Un métier qui se partage
La crèche est l’institution où cette situation de défaillance, retrouvée dans tous les modes d’accueil des jeunes enfants, est la plus visible, car, au niveau des médias et du grand public, elle représente à elle seule le monde de la petite enfance. Elle est ainsi la plus exposée, en tant que « modèle type », alors même que la majorité des jeunes enfants n’y est pas accueillie. C’est elle qui sert de porte-drapeau lorsqu’il s’agit d’accueil de la petite enfance, c’est aussi sur elle que l’on projette aujourd’hui tous les fantasmes de désirs, de craintes et de rejets. On y retrouve les mêmes difficultés de recrutement, de formation et de valorisation des professionnels, avec un défi supplémentaire, celui du travail d’équipe. En effet, d’autres qualifications sont à ajouter à celles citées plus avant : prendre sa place dans une équipe, participer à un projet pédagogique commun, accepter l’organisation et la hiérarchie, faire preuve d’entraide et de flexibilité, connaître les règles de l’institution et les options pédagogiques, admettre de dépendre d’un gestionnaire public ou privé, etc. Pour certains, travailler avec d’autres adultes et souvent encore plus difficile que de s’occuper de jeunes enfants. Mais cela peut aussi s’apprendre, avec des formations complètes et suffisamment longues pour permettre à de futurs professionnels de devenir de vrais spécialistes de l’éducation des jeunes enfants en crèche. Au savoir-faire et au savoir être s’ajoutent le savoir-faire ensemble et le savoir être avec les autres.

Un métier qui s’apprend
En formation, la présence sur le terrain est indispensable, mais ne suffit pas. Il est faux de penser que les métiers de la crèche s’apprennent uniquement en les faisant et qu’une formation courte suffit. Pas plus que l’on devient chirurgien uniquement en opérant ou plombier en regardant des tutos, on ne s’improvise pas professionnel de la petite enfance en crèche en fréquentant seulement des enfants ou en suivant des formations à distance sans jamais avoir eu un bébé dans ses bras. L’alternance entre la réflexion, l’apprentissage des concepts et des actes doit absolument exister avec leur observation et leur mise en pratique sur le terrain.

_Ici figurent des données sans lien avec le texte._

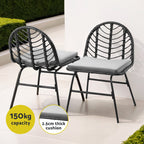 Gardeon Black Wicker Outdoor Chair Set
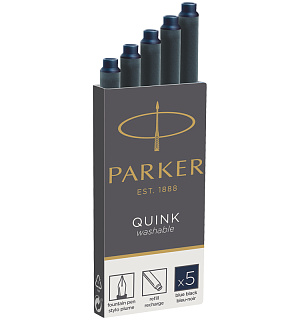 Картриджи чернильные Parker "Cartridge Quink" смываемые сине-черные, 5шт., картонная коробка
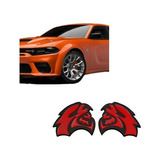 Emblema Hellcat Charger Challenger Rojo 2pzas Metalica Dodge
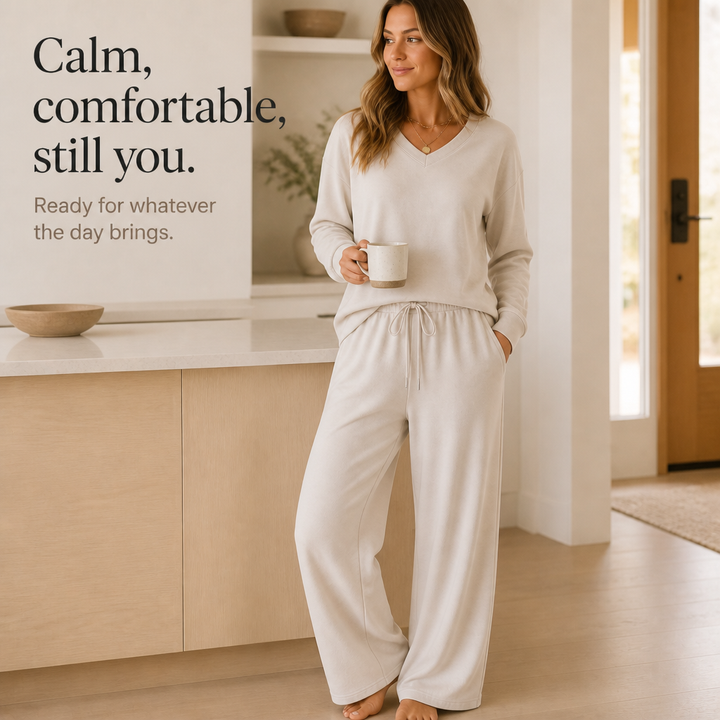 Draperie Vertical-Seam Drawstring Knit Lounge Set - Elena Harper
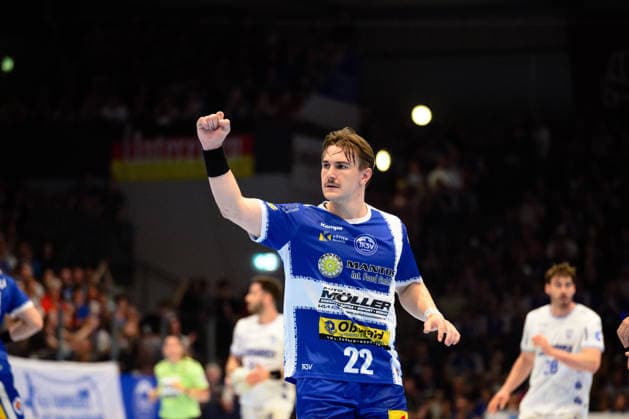Felix Aellen ThSV Eisenach, 22 cheers to score GER, ThSV Eisenach vs TBV Lemgo Lippe, 1 Daikin Handballbundesliga, Handball, Matchday 32, Season 2025 2026, 22 05 2026 GER, ThSV Eisenach vs TBV Lemgo Lippe, 1 Daikin Handballbundesliga, Handball, Matchday 32, Season 2025 2026, 22 05 2026 Eisenach Copyright: xEibner-Pressefoto MartinxHerbstx EP_MHT
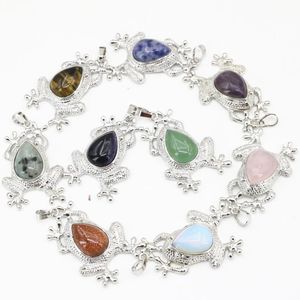 Colliers pendants bijoux en pierre naturelle à la mode Faire des design animal Frog Frog 29x45 mm Charmes Perles Perles Incrustations B3296
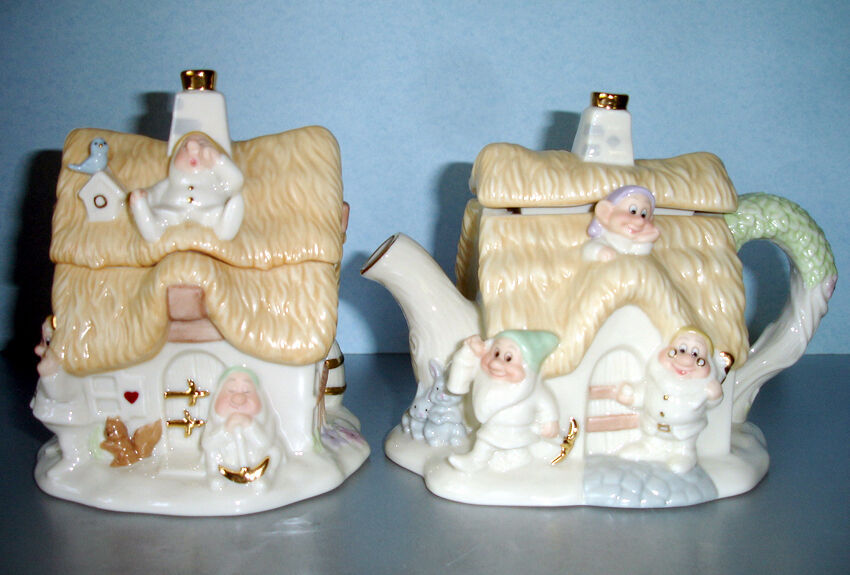 Lenox Disney Seven Dwarfs Figural Cottage Sugar Bowl & Creamer Set w Lids New - $109.90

Il est encore temps de réagir et de créer cette formation de professionnels de crèche de haut niveau, des spécialistes de la petite enfance capables de travailler dans cette institution et de la renouveler par leurs inventions et leurs réflexions, pour le bien de tous, enfants, parents, professionnels et donc pour le bien de la société.